El resultado de estas y otras tácticas conservadoras fue que en Italia’90 la media anotadora fue de 2’21 goles por partido, la más baja de todas las ediciones mundialistas disputadas hasta entonces, y eso hizo que la FIFA, que al parecer ya llevaba pensando en actuar sobre el asunto desde España’82, se decidiera a mover ficha. El 28 de junio de 1990, en plena disputa del Mundial de Italia y a propuesta de la Federación Escocesa, la International Board aprobaba un ligero cambio en la norma del fuera de juego: desde el inicio de la siguiente temporada ya no se señalaría infracción si el atacante destinatario del pase estaba en línea con el penúltimo defensor. La revisión de la Regla nº XI, sin duda la que más quebraderos de cabeza ha dado a árbitros, jugadores, entrenadores y aficionados de todo el mundo a lo largo de los 150 años de historia de este deporte (y, al mismo tiempo, la que más contribuyó a su desarrollo táctico en el siglo XX), pretendía incrementar el número de ocasiones de gol al habilitar situaciones que hasta ese momento eran ilegales. No fue la única novedad introducida en el reglamento: aquel mismo día se oficializaba también la obligación de los árbitros de mostrar tarjeta roja directa al jugador que cortase una ocasión de gol mediante un derribo o agarrón por detrás. Esta última medida ya se estaba aplicando en la cita italiana, en la que, por otra parte, la labor arbitral estaba siendo muy controvertida: las cámaras de televisión dejaron en evidencia la pésima vista de demasiados colegiados y la FIFA decidió cambiar los criterios de selección y formación de los equipos arbitrales de cara a 1994, fomentando además la especialización de los jueces de línea.

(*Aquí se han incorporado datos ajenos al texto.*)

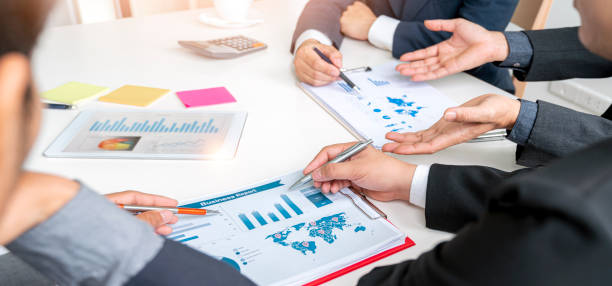 istock Group of businesspeople using graph chart and computer laptop, tablet discussing about business plan together in modern office. Business strategy. 1366231767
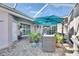 Relaxing patio with seating area and umbrella at 204 Latitude Pl, Apollo Beach, FL 33572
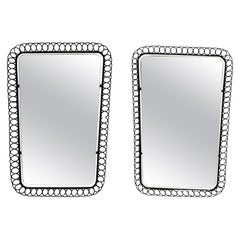 Pair of beautiful small original Mid Century Modern black metal wall mirrors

El inicio de la persecución al juego violento y la enésima variación de la regla del fuera de juego fueron, por tanto, el primer paso hacia un nuevo fútbol. Sin embargo, aquel era todavía un paso muy corto, casi tanto como el que magistralmente ejecutaban Franco Baresi y sus compañeros de la zaga rossonera para anular a los delanteros rivales. Y era corto sobre todo porque, además de la lógica preocupación deportiva por el rumbo general tomado por el fútbol, la necesidad de mejorar el espectáculo balompédico surgía de una poderosa razón económica que empezaba a inquietar a los dirigentes de la FIFA. Si el fútbol no incrementaba su atractivo ofensivo iba a ser difícil que el poco entendido público de Estados Unidos mostrara interés en la cita mundialista de 1994 y, en ese caso, el problema no iba a ser tanto el enorme fracaso comercial del campeonato en sí como su presumible consecuencia posterior: el gigantesco mercado estadounidense quedaría definitivamente vedado para el soccer. Hacían falta nuevas ideas y por ello el Comité Ejecutivo de la FIFA, en su reunión del 13 de diciembre de 1990, anunció la creación de un grupo especial de trabajo para analizar la posible introducción de reformas en el juego. Dicho grupo trabajaría en paralelo con una remozada comisión arbitral de cara a que la International Board, el único organismo con capacidad para reformar el reglamento, tomara las decisiones más adecuadas para que el fútbol evolucionara hacia parámetros más atractivos para el espectador. Así surgió la Task Force «Fútbol 2000», un foro en el que futbolistas, entrenadores, árbitros, directivos y periodistas de todo el mundo intercambiaban opiniones y aportaban y estudiaban propuestas de cambios normativos. Bajo la tutela de Joseph Blatter, nombres como los de Hugo Sánchez, Michel Platini, Ruud Gullit, Arrigo Sacchi, Zvonimir Boban, Carlos Alberto Parreira, Marco Tardelli, Franz Beckenbauer, Thomas Ravelli, Dunga o Josep Lluís Núñez (el entonces presidente del F.C. Barcelona) acudían periódicamente a diversos congresos y reuniones para discutir sobre posibles mejoras del reglamento.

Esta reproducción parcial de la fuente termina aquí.